L’attenzione esclusiva nei confronti dell’antisemitismo hitleriano si incrocia semmai con il bisogno di rinnovare lo stereotipo dell’inabilità nostrana ad assumere in proprio pratiche discriminatorie, vessatorie e poi persecutorie della minoranza nazionale ebraica. Fino a giungere ad una benevola autoassoluzione collettiva. Benché la storiografia si sia posta nel corso del tempo quest’ordine di problemi, la discussione pubblica è ben lontana dall’averli accettati come elementi di un approccio critico, e analitico, nei riguardi del passato collettivo. In Sarfatti non c’è l’impellenza di rilevare i ritardi o le amnesie di coscienza bensì il bisogno di argomentare su un’adeguata conoscenza. Anche per questo la figura e il ruolo di Mussolini tornano ad essere capitali, avendo egli concorso attivamente alla definizione della natura del «problema ebraico» e, soprattutto, all’identificazione degli strumenti legali per porvi rimedio. L’autonomia italiana, quindi, ne emerge in maniera senz’altro incontrovertibile attraverso l’indagine dell’intensa attività che tra l’inizio e la fine del 1938 caratterizzò l’impegno del duce fascista, il quale si dedicò «allo studio e all’elaborazione di un’impostazione legislativa che fosse coerente con le caratteristiche proprie del fascismo, dell’Italia, della loro collocazione internazionale. Questo vero e proprio lavoro fu da lui condotto con attenzione, con consapevolezza degli effetti sulla realtà delle norme via via progettate, con piena autonomia e con ampie collaborazioni.

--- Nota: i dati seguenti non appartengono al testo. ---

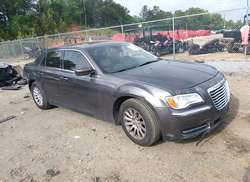 2014 Chrysler 300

Egli si impegnò nella definizione di un modello originale di persecuzione degli ebrei». La qual cosa rafforza la consapevolezza, a distanza di settanta e più anni, della centralità dell’apparato normativo varato nel 1938, e poi corroborato delle successive persecuzioni, nel definire i tratti non solo degli esclusi ma anche dei caratteri degli inclusi, ossia dei possessori di quel «sangue italiano» che avrebbe dovuto dominare un nuovo ordine mediterraneo.

Michele Sarfatti, Mussolini contro gli ebrei, Silvio Zamorani editore, Torino 2017, pp. 221, euro 28,00.